Le lacrime della moglie: "Non tornerà più a casa..."

Un amico: "Franco mi diceva: sono brava gente, non dar retta alla tv"

«Un italiano vero che si dedicava al la­voro e alla famiglia. Uno dei nostri, di Gatti­nara, sempre in prima fila per organizzare il Carnevale, la festa dell'uva o una griglia­ta al palazzetto dello sport». Daniele Ba­glione il giovane sindaco del paese di 8400 anime, in provincia di Vercelli, ricorda co­sì Franco Lamolinara ucciso in un blitz per liberarlo dalle grinfie dei talebani d'Africa.

Quarantasette anni, meccanico specia­­lizzato, piemontese doc, a Gattinara tutti lo descrivono come un uomo gioviale e ge­neroso. «Ogni volta che Franco usciva di casa- ha raccontato Paolo Colombo, un vi­cino- si fermava a giocare col mio cane e a scambiare due chiacchiere. Era andato in Nigeria perchè voleva guadagnare qual­che soldo in più pensando a moglie e fi­gli ».
La famiglia è chiusa nel dolore al terzo piano di una sobria palazzina di via Man­zoni presidiata dai carabinieri. La vedova, Anna, 46 anni, lavora al palazzetto dello sport. E continua a ripetere: «Non mi tor­na più a casa». La figlia Nicole, 16 anni, è studentessa a Vercelli. Il primogenito Mat­tia,
 19  anni, studia all'istitu­to alberghiero. «Lo ricordo vestito da Babbo Natale, che distribuiva le caramel­le ai bambini, poco prima di partire per l'Africa» rac­conta a Il Giornale Carlo Ri­va Vercellotti, presidente della Provincia.

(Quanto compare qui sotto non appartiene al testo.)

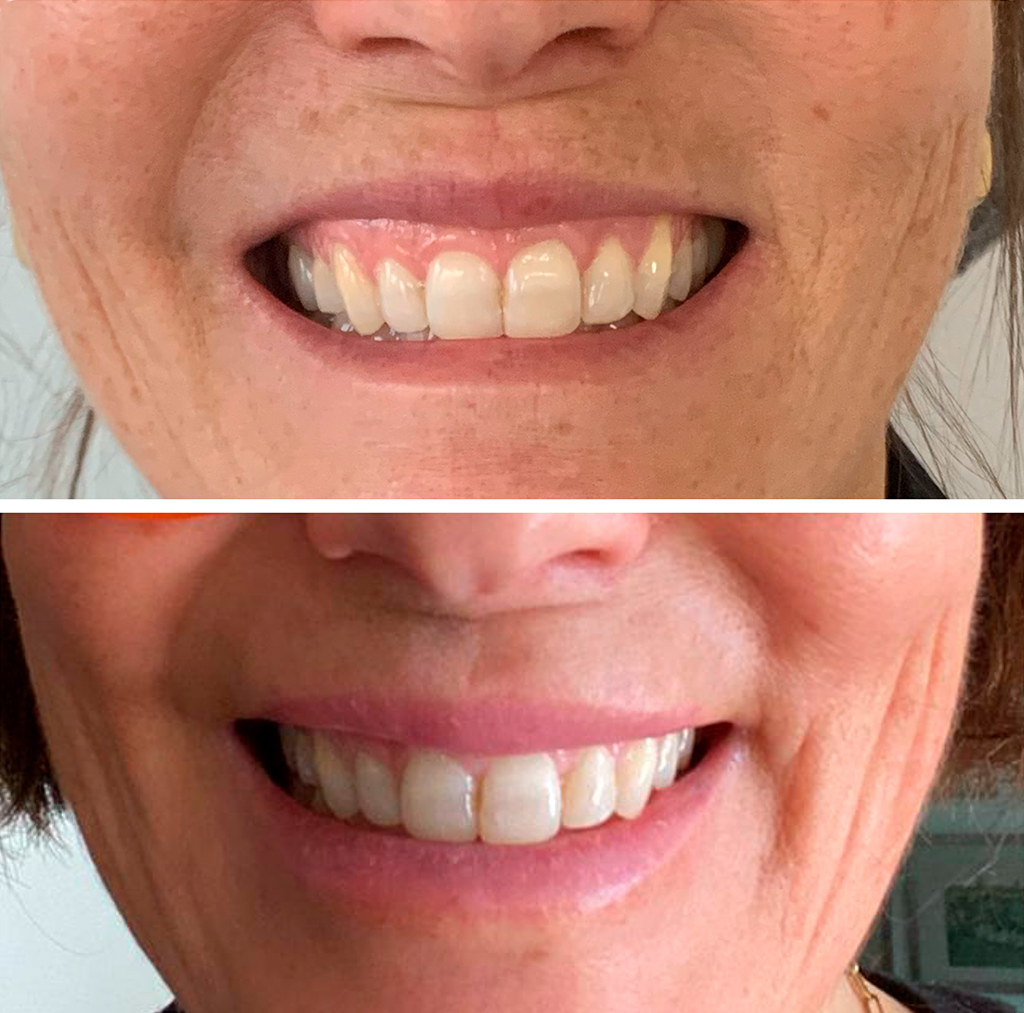 Un resultado bello y natural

Lamolinara a 14 anni si è messo a lavorare in offici­na a Gattinara, ma non ba­stava. Negli anni Ottanta e Novanta ha scelto la strada dell'impiego all'estero, più remunerativo, ma che significa tanti sacrifici. A Gattinara non era legato solo al­la famiglia, ma pure alle tradizioni. Lamo­linara faceva parte di una delle compa­gnie storiche del paese che si riuniscono ancora oggi nelle «tabine», le tipiche oste­rie della zona. «La cosa che più ci sconvol­ge - spiega Franco Barattino, amico del cuore- è l'assurdità di tutto questo. Non ci saremmo mai aspettati una fine del gene­re. Sapevamo che c'erano trattative in cor­so e speravamo di vederlo presto tornare». L'amico sperava di organizzare una grande festa per il suo rientro. «Pochi giorni pri­ma di partire gli ho detto: Franco, ma sei sicuro? La Nigeria non è tranquilla ­ spiega Barattino a Il Gior­nale­E lui mi ha rassicura­to dicendomi ' non preoc­cuparti è brava gente, non dare ascolto alla tv'». La­molinara aveva il mal d'Africa, ma ha lavorato anche per il comune. «Quando ero sinda­co me lo ricordo ogni mattina alla guida della macchina per asfaltare» racconta Vercellotti, che chiede con forza al gover­no di avere precise informazioni sulla morte del compaesano. «Lo devono alla famiglia, che non ha ancora ricevuto spie­gazioni » aggiunge il presidente della pro­vincia di Vercelli.

Dopo diversi anni Lamolinara aveva de­ciso di ripartire per l'Africa nel gennaio 2011. In Nigeria era stato assunto da un' azienda svizzera, la Stabilini Visinoni Li­mited. Veterano dei mezzi pesanti lavora­va in un cantiere a Birnin Kebbi, nel nordo­vest della Nigeria, dove l'hanno rapito il 12 maggio. Il destino ingrato ha voluto che venisse portato via dai tagliagole islamici solo due giorni prima del rientro a casa, per un breve periodo di ferie. Don Renzo del Corno, parroco di Gattinara, lo ricorda «come un uomo sul quale si poteva sem­pre contare». Il sindaco ha proclamato il lutto cittadino, ma preferisce la «fotogra­fia » di una festa dell'uva, quando scorreva del buon Nebbiolo e «Franco con la mo­glie Anna erano sorridenti e felici». Il pri­mo cittadino ribadisce «che questo è il mo­mento del dolore, ma chiedo con forza chiarezza sulla vicenda».

La sua ultima immagine è un drammati­co video dello scorso agosto, assieme all' ostaggio inglese rapito e ucciso con lui nel fallito blitz.

In ginocchio e barba lunga scongiura il governo italiano di trattare per la sua liberazione.